La vision du mouvement de Lausanne ressemble « étrangement » à celle de John Mott en 1910, excepté le fait que la vérité évangélique est clairement définie et qu’elle ne sera pas altérée en raison des évolutions que connaissent nos sociétés.
Les organisateurs de « Lausanne III » ont choisi le thème: « Dieu était en Christ réconciliant le monde avec lui-même », car ils ont le désir d’équiper les leaders évangéliques du monde, afin que les Eglises et les œuvres chrétiennes soient en mesure de faire connaître le Christ au monde entier. Pourquoi donc faut-il à ce point insister sur l’importance de la vérité qui est présentée dans la Bible ?
Ce lundi, le penseur anglo-américain Os Guinness a répondu de manière magistrale à cette question. Il a dit qu’une haute considération de la vérité biblique honorait le Dieu de vérité, mais elle reflète également la manière dont nous venons à Dieu (Jésus est le seul chemin) et la façon dont nous l’aimons. Cette haute considération de la vérité nous donne la force nécessaire pour réussir dans nos projets avec Dieu. Elle nous permet d’annoncer avec assurance le message de l’Evangile et, nous dit-il, « elle suffit pour contrer l’hypocrisie et les mensonges qui déstabilisent l’Eglise ». Enfin, cette haute considération de la vérité biblique va nous aider à grandir dans la foi et va nous faire progresser dans la compréhension de celle-ci.
Une vérité qui doit être incarnée
Mais qu’est-ce que la vérité? Ou plutôt, qui est la vérité ? N’est-ce pas le Christ lui-même qui dit: « Je suis le chemin, la vérité et la vie ». Soyons des hommes et des femmes qui placent leur confiance dans le Dieu de l’Ecriture.
Lors de la soirée latino-américaine du mercredi, Samuel Escobar et René Padilla ont partagé la manière dont la notion de « mission intégrale » s’est développée lors des précédents congrès de Lausanne. A la fin de son intervention, le théologien argentin René Padilla a énuméré les défis futurs de l’Eglise. Il dit: « La globalisation conduit de manière dramatique à la destruction de la vie humaine et de l’écosystème... Le plus grand défi de l’Eglise n’est pas de faire des convertis, mais d’aider les chrétiens à obéir à toute la parole de Dieu ». Il est indispensable que les chrétiens mettent tout en œuvre pour devenir des disciples qui ne se conforment pas au monde présent. Toute l’Ecriture l'enseigne: notre Dieu désire que son peuple vive de manière différente. Le Christ appelle son peuple à la sainteté. L’Eternel dit: « Soyez saints car je suis saint » (Lé 19.2 et 1 Pi 2.11).
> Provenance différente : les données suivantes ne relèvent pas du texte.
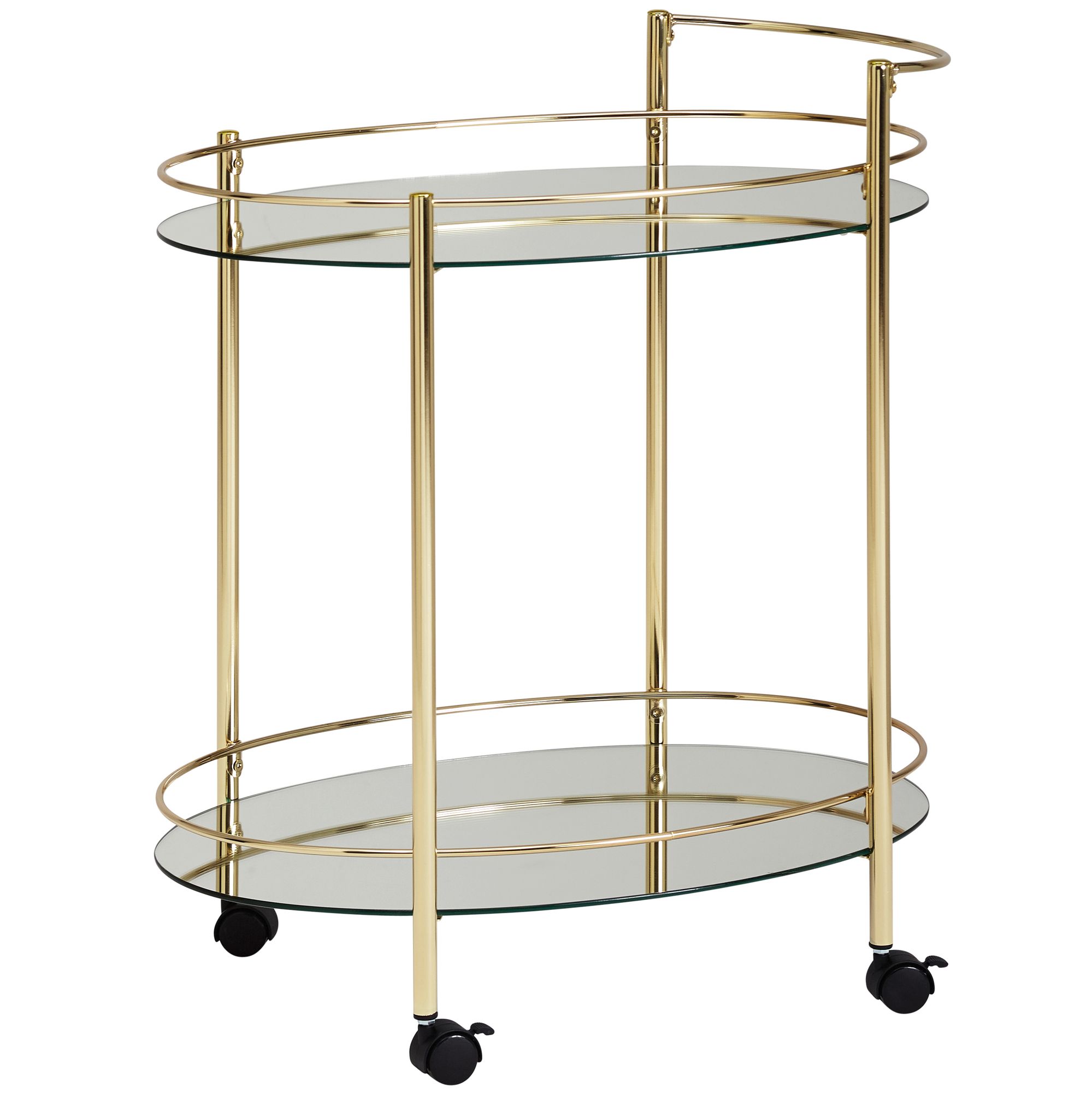 Cărucior de Servire Aurie Clasic cu Farmec Retro - Mini Bar Rotund Cărucior de Servire Aurie Clasic cu Farmec Retro - Mini Bar Rotund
Dieu dit aussi à son peuple, par l’intermédiaire de Moïse: « Vous ne ferez pas ce qui se fait en Egypte où vous avez habité, et vous ne ferez pas ce qui se fait en Canaan où je vous amène ; vous ne suivrez pas leurs prescriptions ». Sur la montagne, Jésus parle des hypocrites et des païens et il dit à ses disciples: « Ne faites pas comme eux » (Mt 6.8). Jésus invite les disciples à être le sel de la terre et la lumière du monde. Il est fondamental que nous incarnions l’Evangile dans notre vie quotidienne, car c’est souvent lorsque les gens observent notre vie de foi qu’ils sont mieux disposés à s’intéresser à ce qui nous pousse à mener cette vie différente.
La vérité, un enjeu pour nos vies
Le Mouvement de Lausanne est conscient de l'existence d’un enjeu: la question de la vérité ne peut pas être négligée. Il en va de l’avenir de l’Eglise. Prenons le temps de redécouvrir l’identité et l’œuvre de ce Dieu qui, en Christ, a réconcilié le monde avec lui-même. Proclamons l’Evangile de manière fidèle, claire et pertinente. Agissons aussi par d’autres moyens, afin que ce Dieu de grâce – qui nous est présenté de manière si riche par Paul dans l’épître aux Ephésiens et dans le reste de l’Ecriture – soit manifeste dans nos vies... et que notre entourage puisse voir que Dieu existe et qu’il est vivant.